## [TASK DIRECTIONS]
Transcribe every line of the listing below without any deviation.

## [GIVEN RECORDS]
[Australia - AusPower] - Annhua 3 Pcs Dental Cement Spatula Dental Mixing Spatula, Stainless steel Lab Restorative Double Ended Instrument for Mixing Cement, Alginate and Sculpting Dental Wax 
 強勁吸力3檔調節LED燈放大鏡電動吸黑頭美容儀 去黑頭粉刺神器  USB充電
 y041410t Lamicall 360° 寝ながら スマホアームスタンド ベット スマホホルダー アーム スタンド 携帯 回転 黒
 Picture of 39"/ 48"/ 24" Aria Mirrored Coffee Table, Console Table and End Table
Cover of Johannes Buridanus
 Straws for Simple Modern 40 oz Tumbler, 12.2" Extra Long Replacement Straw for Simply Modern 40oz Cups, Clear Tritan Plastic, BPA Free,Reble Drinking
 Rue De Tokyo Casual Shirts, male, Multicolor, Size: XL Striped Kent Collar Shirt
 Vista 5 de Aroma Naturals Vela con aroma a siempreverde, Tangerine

## [FINAL ANSWER]
[Australia - AusPower] - Annhua 3 Pcs Dental Cement Spatula Dental Mixing Spatula, Stainless steel Lab Restorative Double Ended Instrument for Mixing Cement, Alginate and Sculpting Dental Wax 
 強勁吸力3檔調節LED燈放大鏡電動吸黑頭美容儀 去黑頭粉刺神器  USB充電
 y041410t Lamicall 360° 寝ながら スマホアームスタンド ベット スマホホルダー アーム スタンド 携帯 回転 黒
 Picture of 39"/ 48"/ 24" Aria Mirrored Coffee Table, Console Table and End Table
Cover of Johannes Buridanus
 Straws for Simple Modern 40 oz Tumbler, 12.2" Extra Long Replacement Straw for Simply Modern 40oz Cups, Clear Tritan Plastic, BPA Free,Reble Drinking
 Rue De Tokyo Casual Shirts, male, Multicolor, Size: XL Striped Kent Collar Shirt
 Vista 5 de Aroma Naturals Vela con aroma a siempreverde, Tangerine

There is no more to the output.